Fear judges and controls, while love is curious.

My yoga teacher in Canada taught us to pay attention to our inner self talk during our practice.  Were we judging ourselves for not doing the poses better?  Were we beating ourselves up or feeling frustrated that we hadn’t made more progress from the week before?  Again and again she invited us to be curious about ourselves, not critical.  She invited us to explore and be playful with how we were approaching a pose, especially if it seemed too hard.

This invitation to be curious rather than judging continues to teach me.  When I find myself judging myself (or someone else or something) if I can just bring curiosity to the table too, the inner dialogue transforms.  Instead of thoughts that criticize and condemn I can begin to ask things like, “What is going on underneath this judging?”  “What am I afraid of?” and, “How else might I move through this with more compassion?”  From negative inner attacks it shifts to compassionate problem-solving; from a passive, blaming place it shifts to a creative optimism.

When we can become conscious that we are judging, and instead of judging, become curious, whole new possibilities and solutions open up.  Fear underlies judgment and fear shuts us down while love underlies curiosity and love opens us up.

“Curiosity will conquer fear even more than bravery will,” said James Stephens.

“Seek, and you will find,” said Jesus.

“It is okay to ask the questions now,” is apparently carved on a temple in heaven.

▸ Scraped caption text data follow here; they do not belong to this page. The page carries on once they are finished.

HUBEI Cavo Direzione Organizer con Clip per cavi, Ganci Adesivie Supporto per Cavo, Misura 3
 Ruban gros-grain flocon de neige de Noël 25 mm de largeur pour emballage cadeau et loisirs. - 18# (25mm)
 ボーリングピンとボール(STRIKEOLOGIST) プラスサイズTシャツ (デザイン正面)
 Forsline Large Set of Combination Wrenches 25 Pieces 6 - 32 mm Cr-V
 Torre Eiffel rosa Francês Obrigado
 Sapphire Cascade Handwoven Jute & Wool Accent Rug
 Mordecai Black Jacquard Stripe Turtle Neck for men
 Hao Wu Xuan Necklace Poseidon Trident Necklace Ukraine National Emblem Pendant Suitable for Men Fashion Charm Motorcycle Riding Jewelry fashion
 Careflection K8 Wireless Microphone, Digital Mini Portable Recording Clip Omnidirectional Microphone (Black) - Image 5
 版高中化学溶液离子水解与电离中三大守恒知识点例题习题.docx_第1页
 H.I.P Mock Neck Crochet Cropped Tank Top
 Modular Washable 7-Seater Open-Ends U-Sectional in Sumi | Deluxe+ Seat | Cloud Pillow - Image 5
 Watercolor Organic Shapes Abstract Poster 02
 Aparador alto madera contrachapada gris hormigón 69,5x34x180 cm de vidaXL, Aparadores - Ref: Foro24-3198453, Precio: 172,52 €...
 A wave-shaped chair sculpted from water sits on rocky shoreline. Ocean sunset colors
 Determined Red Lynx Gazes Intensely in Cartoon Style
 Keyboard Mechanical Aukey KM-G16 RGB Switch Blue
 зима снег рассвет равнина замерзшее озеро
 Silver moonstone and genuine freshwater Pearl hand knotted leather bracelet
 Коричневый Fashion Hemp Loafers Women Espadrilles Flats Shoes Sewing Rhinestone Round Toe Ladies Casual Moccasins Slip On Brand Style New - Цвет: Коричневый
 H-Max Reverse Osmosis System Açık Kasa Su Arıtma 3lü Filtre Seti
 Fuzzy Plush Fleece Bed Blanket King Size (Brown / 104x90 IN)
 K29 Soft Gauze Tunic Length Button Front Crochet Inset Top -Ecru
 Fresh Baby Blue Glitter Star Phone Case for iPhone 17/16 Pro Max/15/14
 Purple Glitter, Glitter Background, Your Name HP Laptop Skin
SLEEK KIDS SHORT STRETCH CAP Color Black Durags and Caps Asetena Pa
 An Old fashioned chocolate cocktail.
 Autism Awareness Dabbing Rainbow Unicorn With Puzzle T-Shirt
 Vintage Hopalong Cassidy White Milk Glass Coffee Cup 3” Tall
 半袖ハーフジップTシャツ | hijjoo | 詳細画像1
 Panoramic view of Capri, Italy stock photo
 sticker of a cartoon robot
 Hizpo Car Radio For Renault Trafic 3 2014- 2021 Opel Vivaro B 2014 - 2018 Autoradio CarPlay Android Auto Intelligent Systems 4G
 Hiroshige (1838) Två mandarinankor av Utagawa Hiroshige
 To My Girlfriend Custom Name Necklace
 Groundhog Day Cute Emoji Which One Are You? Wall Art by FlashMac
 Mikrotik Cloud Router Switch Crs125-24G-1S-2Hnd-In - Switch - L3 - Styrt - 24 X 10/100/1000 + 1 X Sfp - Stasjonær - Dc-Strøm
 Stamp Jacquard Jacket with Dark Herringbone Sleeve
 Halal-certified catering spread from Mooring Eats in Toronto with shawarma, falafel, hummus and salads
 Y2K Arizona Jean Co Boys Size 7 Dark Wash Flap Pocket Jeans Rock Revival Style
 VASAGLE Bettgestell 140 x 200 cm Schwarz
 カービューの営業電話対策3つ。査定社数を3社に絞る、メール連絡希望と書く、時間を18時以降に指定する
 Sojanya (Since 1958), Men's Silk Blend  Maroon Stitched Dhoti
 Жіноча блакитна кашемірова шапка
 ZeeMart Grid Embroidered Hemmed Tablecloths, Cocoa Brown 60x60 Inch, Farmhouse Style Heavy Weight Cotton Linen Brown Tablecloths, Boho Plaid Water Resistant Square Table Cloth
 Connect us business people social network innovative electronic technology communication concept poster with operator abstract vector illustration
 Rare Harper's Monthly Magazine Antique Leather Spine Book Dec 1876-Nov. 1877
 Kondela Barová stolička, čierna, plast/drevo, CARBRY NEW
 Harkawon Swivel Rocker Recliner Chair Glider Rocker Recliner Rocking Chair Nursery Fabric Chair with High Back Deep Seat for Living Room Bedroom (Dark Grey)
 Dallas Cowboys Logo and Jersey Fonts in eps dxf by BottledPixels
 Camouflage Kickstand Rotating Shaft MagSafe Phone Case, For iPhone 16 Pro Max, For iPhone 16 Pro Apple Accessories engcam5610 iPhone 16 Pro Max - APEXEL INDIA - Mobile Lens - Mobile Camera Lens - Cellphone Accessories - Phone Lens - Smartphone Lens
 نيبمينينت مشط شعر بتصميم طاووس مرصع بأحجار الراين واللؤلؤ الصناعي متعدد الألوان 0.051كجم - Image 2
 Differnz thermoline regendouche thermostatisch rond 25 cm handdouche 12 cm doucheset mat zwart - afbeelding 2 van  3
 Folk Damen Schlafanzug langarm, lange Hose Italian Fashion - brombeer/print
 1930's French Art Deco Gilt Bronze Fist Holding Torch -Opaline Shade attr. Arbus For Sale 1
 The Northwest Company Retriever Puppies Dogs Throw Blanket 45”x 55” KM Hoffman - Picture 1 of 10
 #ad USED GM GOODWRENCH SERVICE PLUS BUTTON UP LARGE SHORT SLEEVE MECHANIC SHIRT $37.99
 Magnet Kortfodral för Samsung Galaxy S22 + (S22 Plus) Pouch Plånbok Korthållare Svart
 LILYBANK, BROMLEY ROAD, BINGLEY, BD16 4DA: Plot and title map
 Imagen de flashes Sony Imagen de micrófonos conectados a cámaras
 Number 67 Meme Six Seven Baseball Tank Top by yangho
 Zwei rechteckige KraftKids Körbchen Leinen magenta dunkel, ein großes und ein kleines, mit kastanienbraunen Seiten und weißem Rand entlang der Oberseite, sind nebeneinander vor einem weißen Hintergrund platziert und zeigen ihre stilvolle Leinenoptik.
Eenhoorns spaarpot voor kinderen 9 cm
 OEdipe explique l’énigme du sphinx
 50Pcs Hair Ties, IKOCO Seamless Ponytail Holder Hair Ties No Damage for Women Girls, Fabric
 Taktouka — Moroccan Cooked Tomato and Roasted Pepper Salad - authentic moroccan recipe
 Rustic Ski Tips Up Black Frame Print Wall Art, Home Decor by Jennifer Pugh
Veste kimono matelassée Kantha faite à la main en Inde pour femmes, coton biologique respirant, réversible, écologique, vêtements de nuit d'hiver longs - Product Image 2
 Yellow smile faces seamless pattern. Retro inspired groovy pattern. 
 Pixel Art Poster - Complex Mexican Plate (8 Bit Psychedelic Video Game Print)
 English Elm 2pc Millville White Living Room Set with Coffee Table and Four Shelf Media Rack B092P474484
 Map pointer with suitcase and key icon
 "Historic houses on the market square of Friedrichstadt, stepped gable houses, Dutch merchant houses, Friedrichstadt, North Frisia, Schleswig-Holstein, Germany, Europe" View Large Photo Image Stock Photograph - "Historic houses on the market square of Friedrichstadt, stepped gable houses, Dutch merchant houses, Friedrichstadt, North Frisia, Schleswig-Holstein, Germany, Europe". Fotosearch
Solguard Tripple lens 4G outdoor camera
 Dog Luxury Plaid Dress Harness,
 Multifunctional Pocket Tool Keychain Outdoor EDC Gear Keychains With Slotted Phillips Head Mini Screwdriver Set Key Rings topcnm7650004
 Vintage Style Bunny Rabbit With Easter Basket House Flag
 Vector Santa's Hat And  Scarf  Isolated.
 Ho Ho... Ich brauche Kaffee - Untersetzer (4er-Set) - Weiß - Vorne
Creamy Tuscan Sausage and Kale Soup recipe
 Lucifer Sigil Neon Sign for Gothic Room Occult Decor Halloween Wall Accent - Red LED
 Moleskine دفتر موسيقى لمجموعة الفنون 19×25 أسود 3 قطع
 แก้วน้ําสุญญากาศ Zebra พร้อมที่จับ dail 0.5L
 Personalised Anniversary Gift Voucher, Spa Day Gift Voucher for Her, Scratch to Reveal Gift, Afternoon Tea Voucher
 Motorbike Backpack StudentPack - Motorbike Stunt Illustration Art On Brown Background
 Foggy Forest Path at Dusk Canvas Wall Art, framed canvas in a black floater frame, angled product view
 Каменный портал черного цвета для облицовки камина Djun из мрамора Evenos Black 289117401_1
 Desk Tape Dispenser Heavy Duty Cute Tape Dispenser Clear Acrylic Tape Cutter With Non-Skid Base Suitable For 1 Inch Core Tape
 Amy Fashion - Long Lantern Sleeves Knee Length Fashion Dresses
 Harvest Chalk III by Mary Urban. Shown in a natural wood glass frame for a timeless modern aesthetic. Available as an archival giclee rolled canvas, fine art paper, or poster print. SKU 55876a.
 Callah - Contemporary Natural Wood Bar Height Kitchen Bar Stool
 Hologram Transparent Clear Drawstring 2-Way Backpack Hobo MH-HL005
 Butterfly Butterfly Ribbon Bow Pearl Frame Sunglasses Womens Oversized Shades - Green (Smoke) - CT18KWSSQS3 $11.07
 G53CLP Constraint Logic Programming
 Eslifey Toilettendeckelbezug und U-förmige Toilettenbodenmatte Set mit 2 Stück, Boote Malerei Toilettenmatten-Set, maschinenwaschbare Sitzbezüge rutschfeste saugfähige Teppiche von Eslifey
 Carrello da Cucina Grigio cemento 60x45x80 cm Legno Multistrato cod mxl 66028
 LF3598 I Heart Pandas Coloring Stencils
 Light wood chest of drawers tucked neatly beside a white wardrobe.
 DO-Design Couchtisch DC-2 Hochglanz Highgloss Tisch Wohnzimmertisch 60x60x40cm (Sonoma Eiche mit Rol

May we become like little children and return to fearless curiosity and never stop asking, “Why?”  Amen 

The Readings
Deuteronomy 4:32-40
For ask now about former ages, long before your own, ever since the day that God created human beings on the earth; ask from one end of heaven to the other: has anything so great as this ever happened or has its like ever been heard of? Has any people ever heard the voice of a god speaking out of a fire, as you have heard, and lived? Or has any god ever attempted to go and take a nation for himself from the midst of another nation, by trials, by signs and wonders, by war, by a mighty hand and an outstretched arm, and by terrifying displays of power, as the Lord your God did for you in Egypt before your very eyes? To you it was shown so that you would acknowledge that the Lord is God; there is no other besides him. From heaven he made you hear his voice to discipline you. On earth he showed you his great fire, while you heard his words coming out of the fire. And because he loved your ancestors, he chose their descendants after them. He brought you out of Egypt with his own presence, by his great power, driving out before you nations greater and mightier than yourselves, to bring you in, giving you their land for a possession, as it is still today. So acknowledge today and take to heart that the Lord is God in heaven above and on the earth beneath; there is no other. Keep his statutes and his commandments, which I am commanding you today for your own well-being and that of your descendants after you, so that you may long remain in the land that the Lord your God is giving you for all time.

Matthew 10:22-30
Then came the Festival of Dedication at Jerusalem. It was winter, and Jesus was in the temple courts walking in Solomon’s Colonnade.  The Judeans who were there gathered around him, saying, “How long will you keep us in suspense? If you are the Messiah, tell us plainly.”Jesus answered, “I did tell you, but you do not believe. The works I do in my Father’s name testify about me, but you do not believe because you are not my sheep.  My sheep listen to my voice; I know them, and they follow me. I give them eternal life, and they shall never perish; no one will snatch them out of my hand.  My Father, who has given them to me, is greater than all; no one can snatch them out of my Father’s hand. I and the Father are one.”